In the description of the present disclosure, the meaning of several is one or more, the meaning of plural is two or more, greater than, less than, exceeding, etc. are understood to not include the present number, and the above, below, within, etc. are understood to include the present number. The description of the first and second is for the purpose of distinguishing between technical features only and should not be construed as indicating or implying relative importance or implicitly indicating the number of technical features indicated or implicitly indicating the precedence of the technical features indicated.

In the description of the present disclosure, unless explicitly defined otherwise, terms such as arrangement, mounting, connection, etc. should be construed broadly and the specific meaning of the terms in the present disclosure can be reasonably determined by a person skilled in the art in connection with the specific contents of the technical solution.
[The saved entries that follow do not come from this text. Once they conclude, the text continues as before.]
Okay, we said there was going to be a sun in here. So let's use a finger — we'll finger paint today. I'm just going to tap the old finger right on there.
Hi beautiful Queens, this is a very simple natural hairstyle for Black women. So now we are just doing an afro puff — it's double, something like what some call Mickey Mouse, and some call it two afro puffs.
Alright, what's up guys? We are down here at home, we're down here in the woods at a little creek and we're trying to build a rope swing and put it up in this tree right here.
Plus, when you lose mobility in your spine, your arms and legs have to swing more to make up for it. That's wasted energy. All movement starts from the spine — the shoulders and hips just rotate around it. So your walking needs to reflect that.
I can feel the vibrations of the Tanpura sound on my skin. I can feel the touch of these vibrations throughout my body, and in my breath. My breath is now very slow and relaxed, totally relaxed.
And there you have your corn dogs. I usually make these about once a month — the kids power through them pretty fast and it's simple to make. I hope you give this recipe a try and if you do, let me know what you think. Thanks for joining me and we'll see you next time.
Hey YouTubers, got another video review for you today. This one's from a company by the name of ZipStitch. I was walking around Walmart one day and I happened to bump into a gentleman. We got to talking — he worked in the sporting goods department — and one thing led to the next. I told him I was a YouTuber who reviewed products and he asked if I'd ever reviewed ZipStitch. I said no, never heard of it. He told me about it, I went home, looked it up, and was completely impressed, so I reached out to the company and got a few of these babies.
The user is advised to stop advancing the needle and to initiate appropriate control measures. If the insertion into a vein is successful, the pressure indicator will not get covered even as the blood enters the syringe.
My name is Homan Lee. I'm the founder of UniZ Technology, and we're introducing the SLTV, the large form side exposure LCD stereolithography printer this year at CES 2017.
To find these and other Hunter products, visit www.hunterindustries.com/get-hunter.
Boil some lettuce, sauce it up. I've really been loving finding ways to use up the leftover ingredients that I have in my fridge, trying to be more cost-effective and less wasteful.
In the description of the present disclosure, a description referring to the terms "one embodiment," "some embodiments," "illustrative embodiments," "examples," "specific examples," or "some examples," etc., means that a particular feature, structure, material, or characteristic described in connection with the embodiment or example is included in at least one embodiment or example of the present disclosure. In this specification, schematic representations of the above terms do not necessarily refer to the same embodiments or examples. Furthermore, the particular features, structures, materials, or characteristics described may be combined in any suitable manner in any one or more embodiments or examples.

Before proceeding to further detailed description of the disclosed embodiments, the terms and terms involved in the disclosed embodiments are described, which are applicable to the following explanation:

Advanced persistent threat attack (ADVANCED PERSISTENT THREAT, APT): APT attacks are a long-term, persistent network attack behavior directed to a specific target. An attacker typically has explicit goals and motivations to gain sensitive information in the target network or to perform malicious operations through careful planning and continuous infiltration.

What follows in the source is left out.